Queensland sex industry largely unregulated
Queensland's regulation of the prostitution industry has missed the point, Associate Professor of the University of Queensland (UQ) Dr Andreas Schloenhardt told Lawyers Weekly on
Queensland's regulation of the prostitution industry has missed the point, Associate Professor of the University of Queensland (UQ) Dr Andreas Schloenhardt told Lawyers Weekly on Monday.
"Most sources suggest that 75 per cent of prostitution involves escorts. Regardless of the type of regulation we have, this is what the clients want, and so they need to regulate that," he said.
Criticism has been leveled at the "extraordinary licencing fees" required to run a legal brothel in Queensland -Schloenhardt said it costs operators $30 000 to run a brothel each year, along with the additional expenses of maintenance, sanitary requirements and wages.
Restrictions on the operation of brothels also contribute to costs, which include limiting the number of "service rooms" available to five, and making it an offence to offer "outcall" escort services, Schloenhardt added.
"The [licenced] brothel at the moment really struggles financially to comply with the legislation - it makes it economically quite unfeasible to run a brothel - which is why they go bankrupt all the time," he said.
Adopting the Victorian model where brothels are allowed to run legal escort services could be a simple solution, suggested Schloenhardt.
"To keep that industry alive and also under control, you need to increase the cash revenue and that's one way of doing that," he said.
"Also because brothels are so tightly controlled, by allowing them to offer this extra service, it means you can still maintain the same levels of control over the licence holders and over sex workers, and give them the additional safety that is required."
There is also no national consensus on how to regulate prostitution in Australia and comparing the legislation between two different states is like comparing "apples and oranges", Schloenhardt said.
"What we do know is sex workers move around the country for a variety of reasons. We know some brothel owners have interests in more than one state ...If you control the industry very tightly in one state, that handballs the problem elsewhere, people move around and it would just make perfect sense to have some sort of national approach.

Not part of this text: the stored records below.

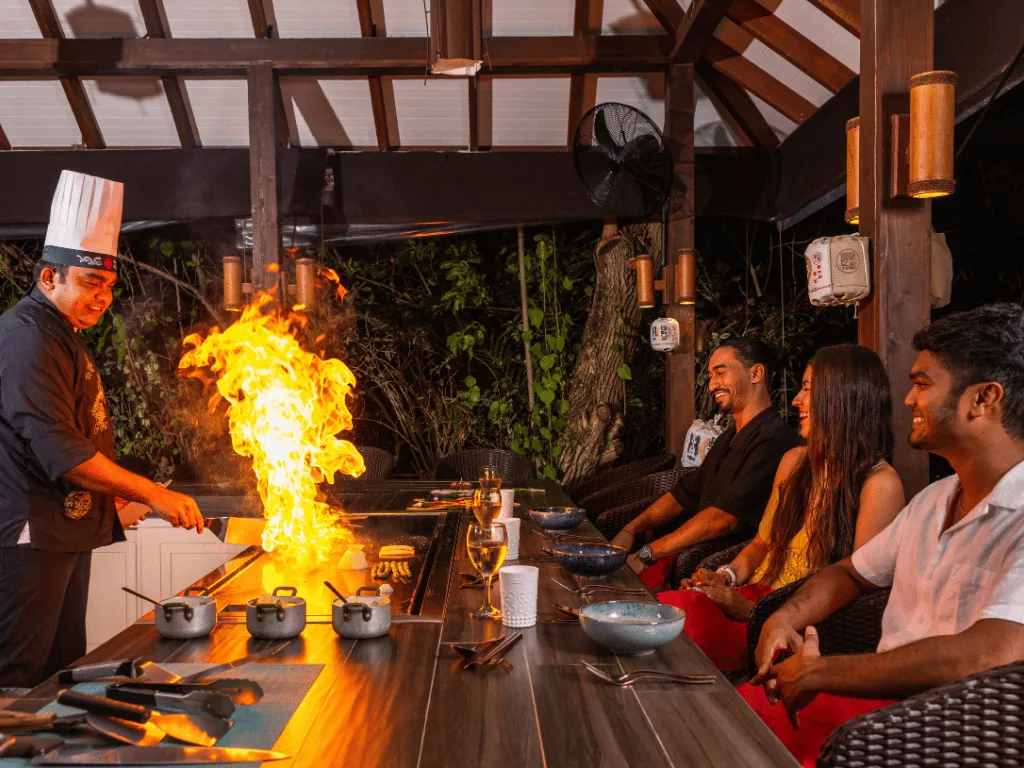 Cocoon Maldives, dining, Lhaviyani Atoll, Maldives, Japanese teppanyaki counter with the chef working a live flame, paper-lantern lighting overhead, and three guests seated at the counter.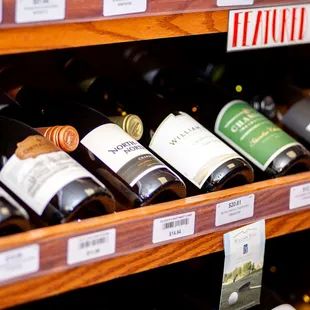 rows of wine bottles on shelves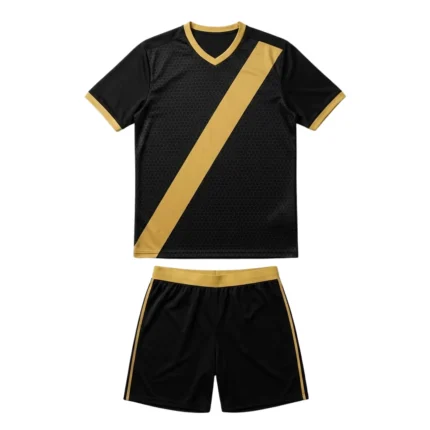 Front view of the Shadow Phantom custom soccer kit in jet black and warm gold, featuring a sublimated hexagonal geometric pattern, a diagonal gold sash, and V-neck collar for professional sports teams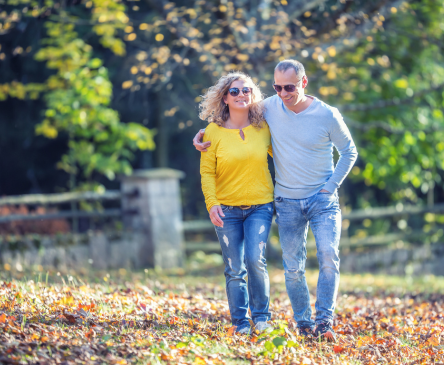 Older adult couple walking in leaves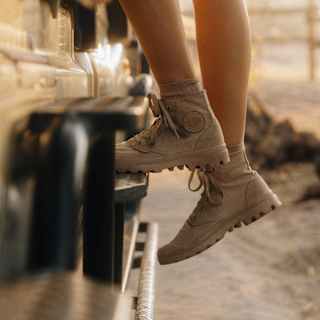 A woman with bare legs, wearing beige safari shoes, mounts a game viewing jeep in a close-up taken from the knees down.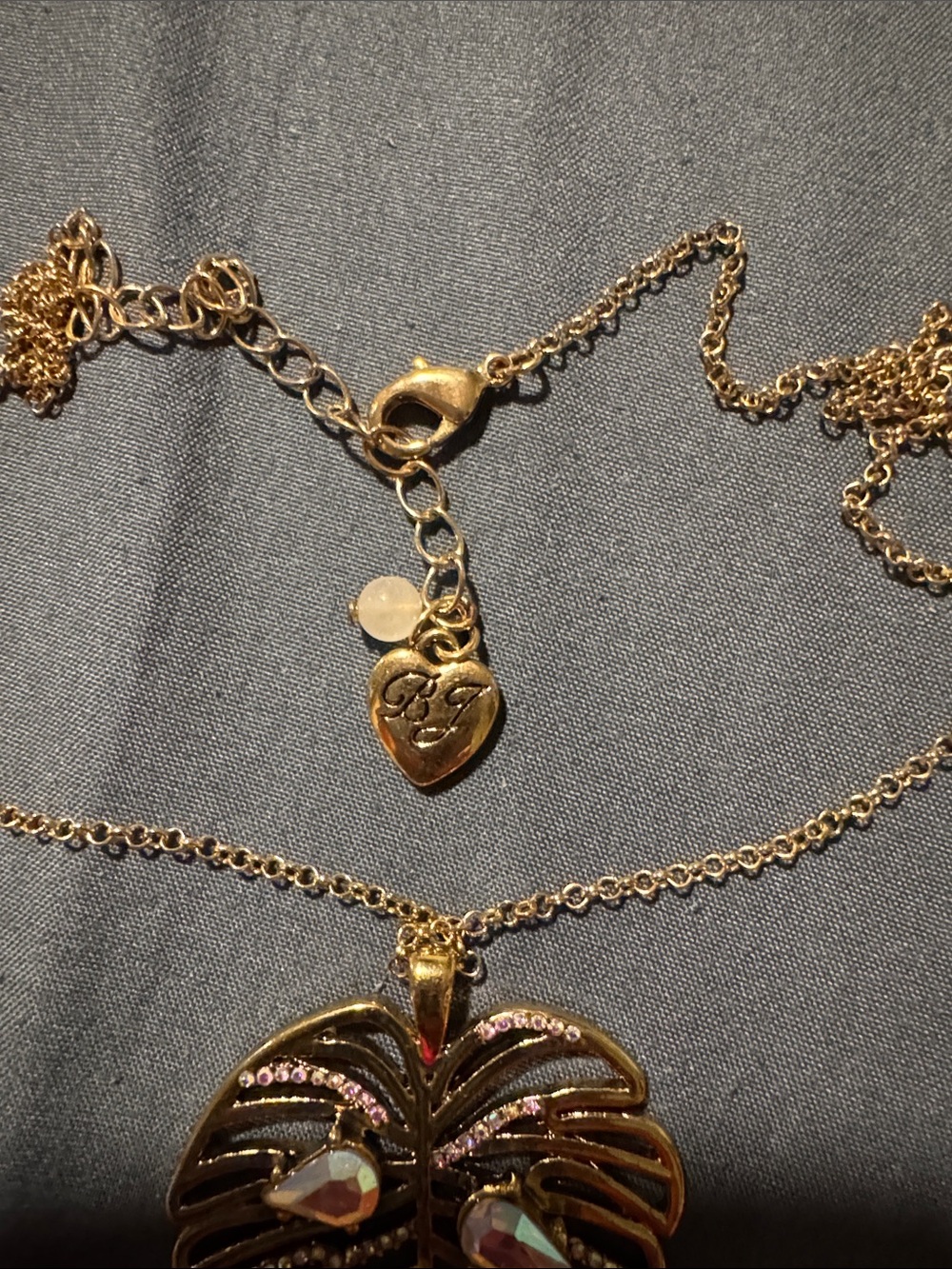 Betsey Johnson Gold Monstera Leaf Necklace with Iridescent Pink-Purple Teardrops - Picture 2 of 3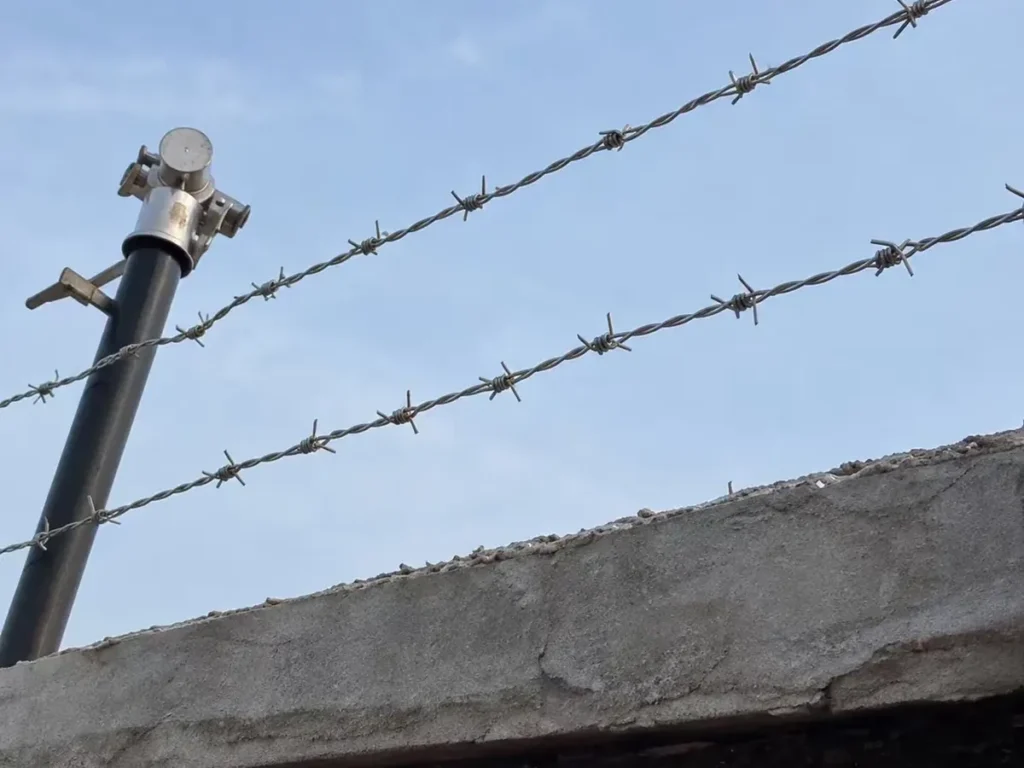 Two strands of barbed wire on a post along the top of a wall
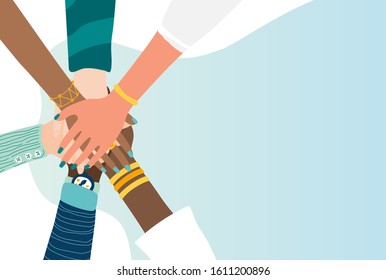 Different people join hands in a fit of teamwork. A group of people strives for a common goal in their work. Together strength, confidence and result. Friendship and helping each other in unity.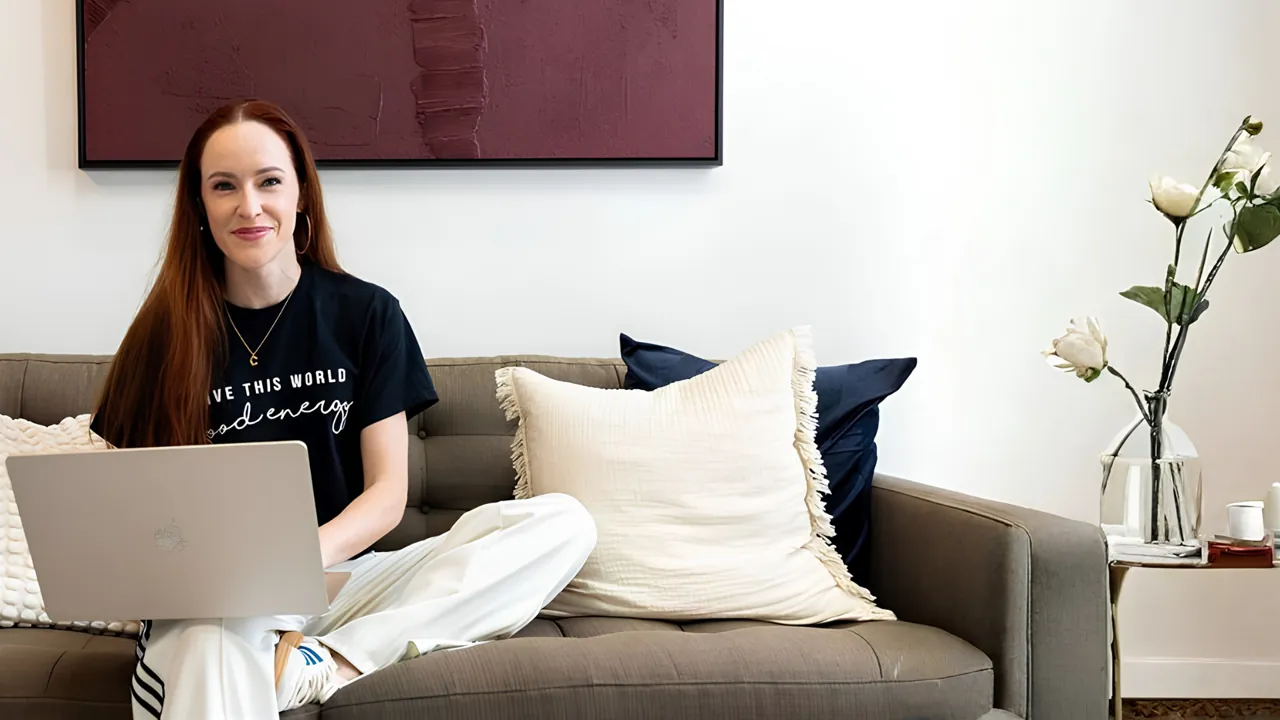 Casey working from a laptop on a sofa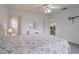 Bright bedroom with ceiling fan, carpet, vanity and access to other rooms at 7292 Sherman Hills Blvd, Brooksville, FL 34602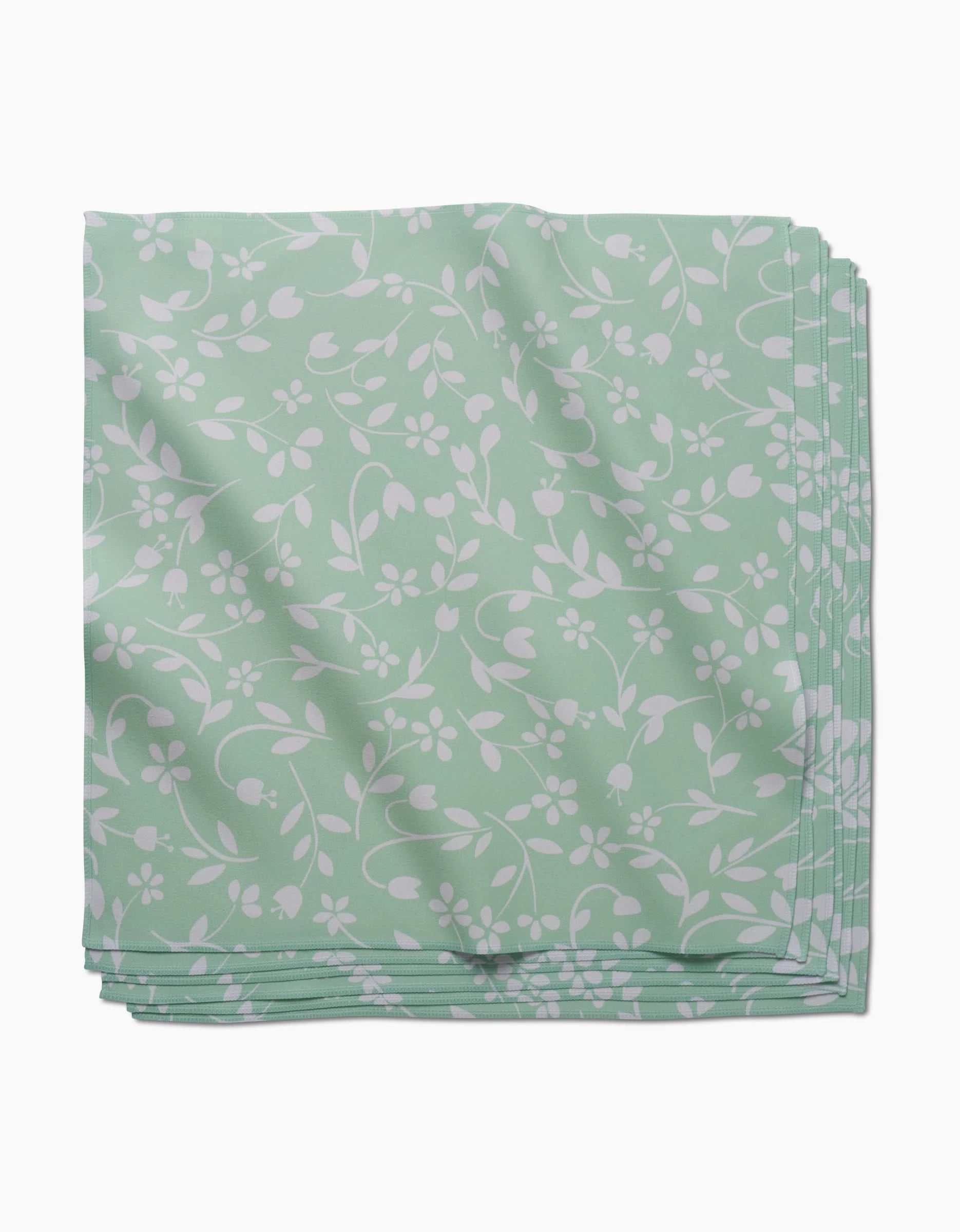 A neatly folded stack of GEOMETRY Dandy light green absorbent cloth napkins with a white floral and vine pattern, displayed on a white background.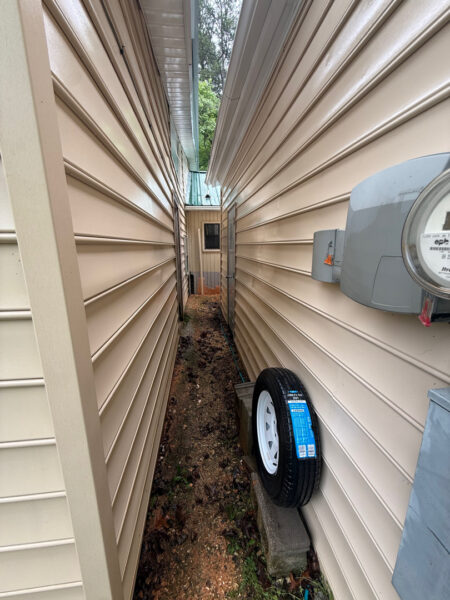 This project involved a comprehensive low-pressure soft wash of a single-story home's exterior surfaces, including siding, trim, and gutters, to remove organic growth and restore a uniform appearance.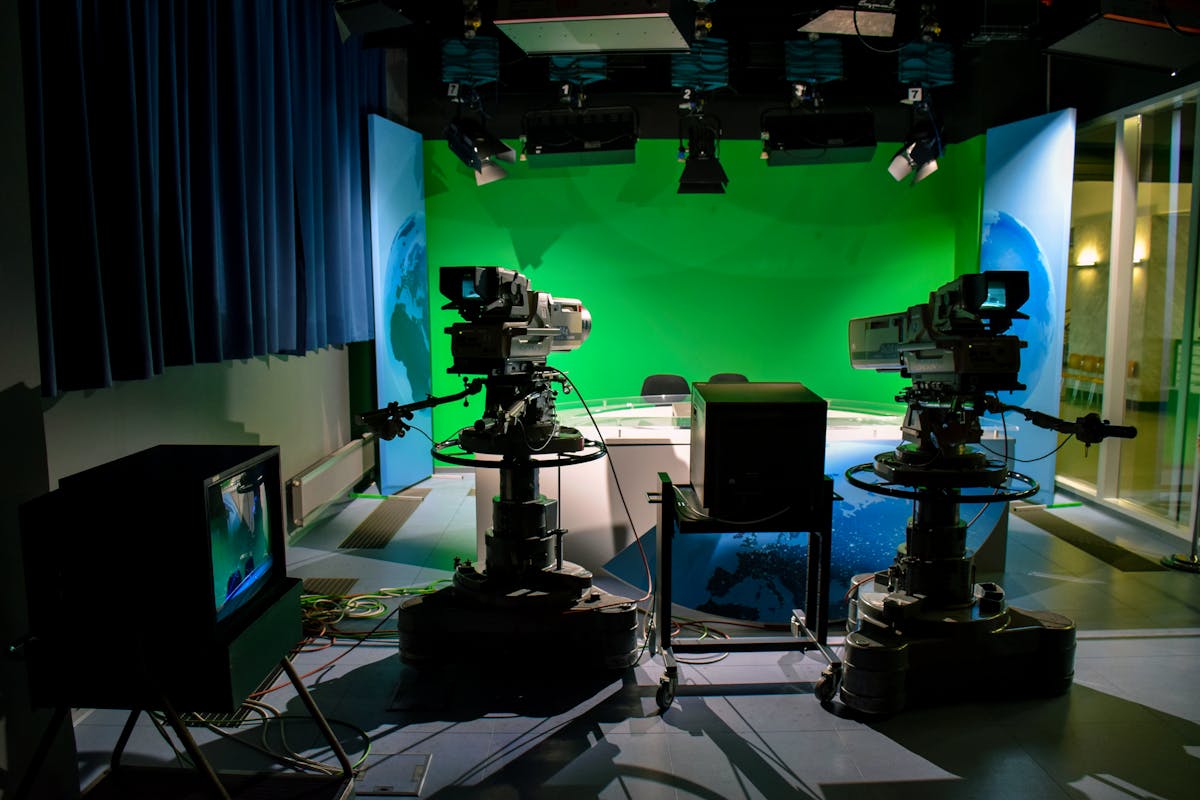 TV broadcast studio with cameras and green screen — Pakistani drama production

"We won't have uniform legislation ever but what's missing is the most basic form of dialogue in Australia on this issue," he said.
Schloenhardt, who will be presenting his "Happy Birthday Brothels" paper at a public lecture at UQ on September 21, said the existing legislation had been successful in stamping out corruption and the involvement of organised crime in the industry.
"I wouldn't say the legislation as such has failed. It really is that it has missed the point, and it's just leaving the bulk of the industry unregulated...it's really ignoring what clients want from this industry and how prostitution is taking place," he said.
"I'm not necessarily criticising any of the agencies carrying out the bureaucracy, but I guess the policy behind it is ill suited to the 21st century prostitution industry in Australia," he said.